# [WHAT IS NEEDED]
Among the lines below, take the one holding "Baikal Teal", the one holding "Food Forest 1200X800", and all lines between them. Set them down exactly.

# [MATERIAL SUPPLIED]
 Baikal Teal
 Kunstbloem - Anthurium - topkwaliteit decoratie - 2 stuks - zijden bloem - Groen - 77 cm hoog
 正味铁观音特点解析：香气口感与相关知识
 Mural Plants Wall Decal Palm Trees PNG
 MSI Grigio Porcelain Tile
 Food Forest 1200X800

---

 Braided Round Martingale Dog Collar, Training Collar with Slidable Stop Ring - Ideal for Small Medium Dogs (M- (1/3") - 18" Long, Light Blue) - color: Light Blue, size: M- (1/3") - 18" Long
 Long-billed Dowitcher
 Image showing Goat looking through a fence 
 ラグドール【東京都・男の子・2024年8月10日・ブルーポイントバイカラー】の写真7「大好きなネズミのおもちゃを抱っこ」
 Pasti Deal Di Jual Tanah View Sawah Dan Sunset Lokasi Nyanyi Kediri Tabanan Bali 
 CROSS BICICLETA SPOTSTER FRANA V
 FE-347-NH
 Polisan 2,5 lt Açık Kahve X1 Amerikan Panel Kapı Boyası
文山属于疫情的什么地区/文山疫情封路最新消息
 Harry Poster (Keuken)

...

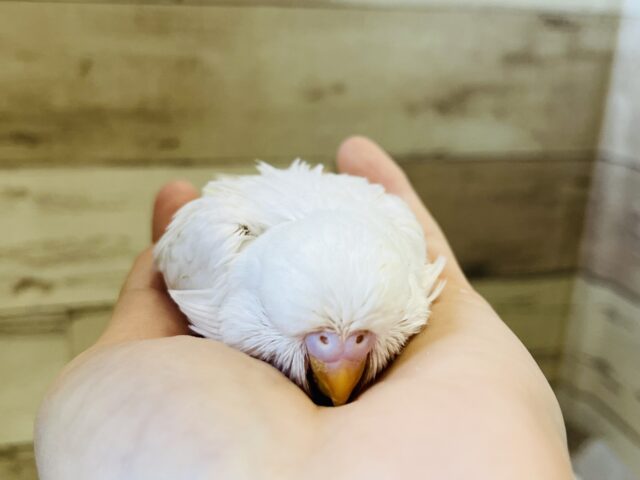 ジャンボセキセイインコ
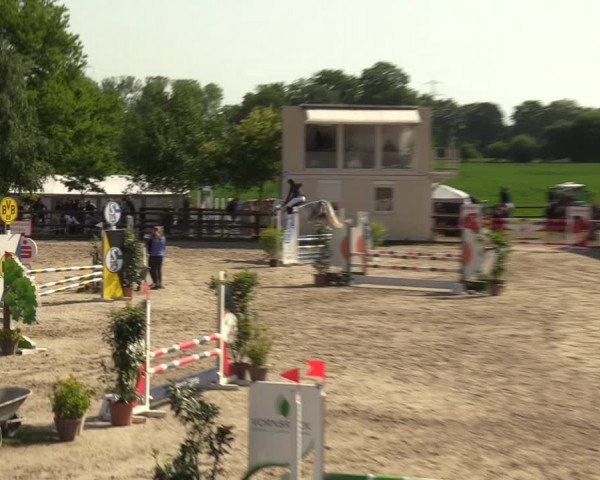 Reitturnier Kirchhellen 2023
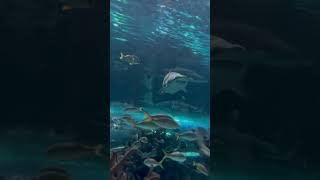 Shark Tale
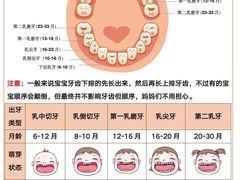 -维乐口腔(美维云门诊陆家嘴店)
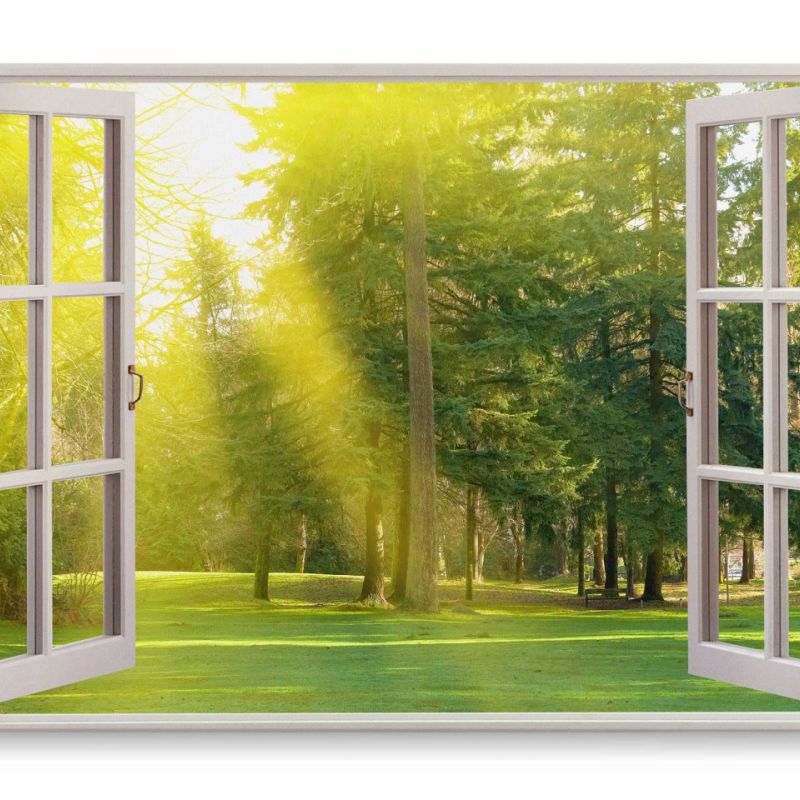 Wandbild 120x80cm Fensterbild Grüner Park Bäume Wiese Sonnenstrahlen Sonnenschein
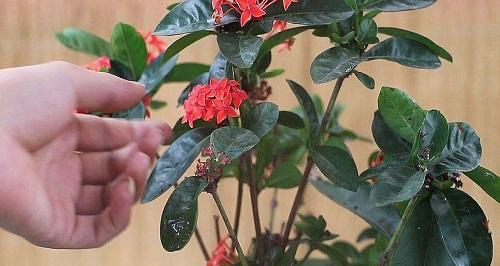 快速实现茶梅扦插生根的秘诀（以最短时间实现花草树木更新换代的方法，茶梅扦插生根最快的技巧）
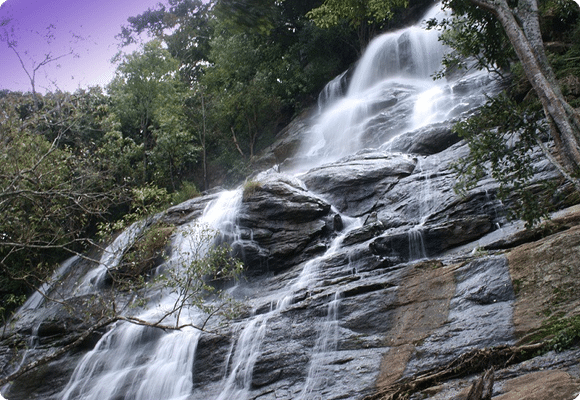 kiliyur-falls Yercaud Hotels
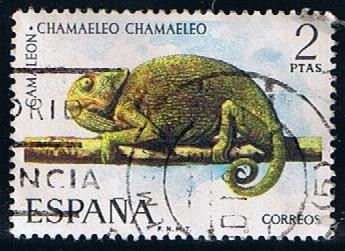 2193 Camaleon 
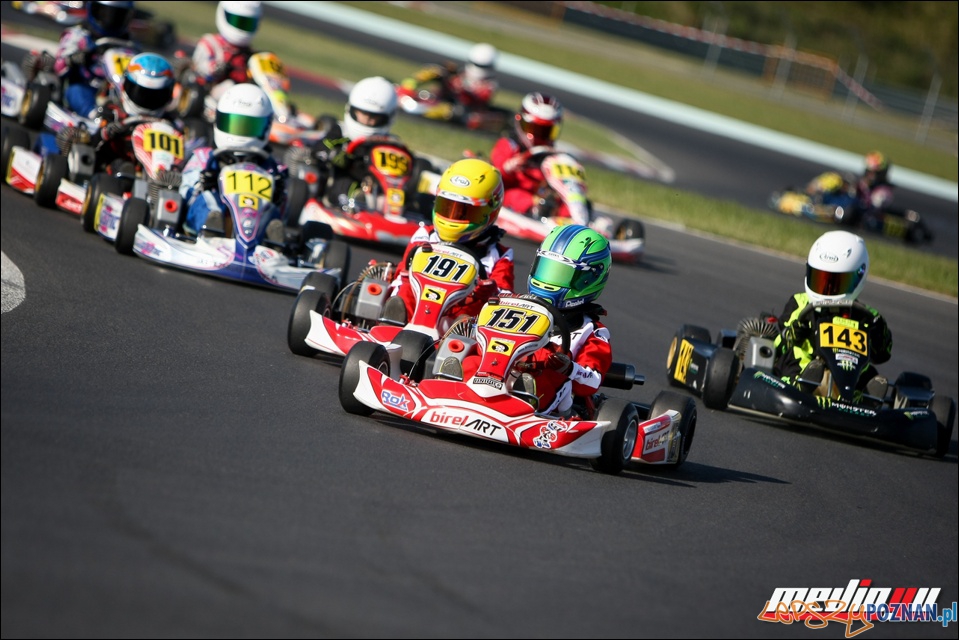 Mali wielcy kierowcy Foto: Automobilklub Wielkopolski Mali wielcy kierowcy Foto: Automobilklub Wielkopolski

# [RESPONSE FOR THIS EXERCISE]
 Baikal Teal
 Kunstbloem - Anthurium - topkwaliteit decoratie - 2 stuks - zijden bloem - Groen - 77 cm hoog
 正味铁观音特点解析：香气口感与相关知识
 Mural Plants Wall Decal Palm Trees PNG
 MSI Grigio Porcelain Tile
 Food Forest 1200X800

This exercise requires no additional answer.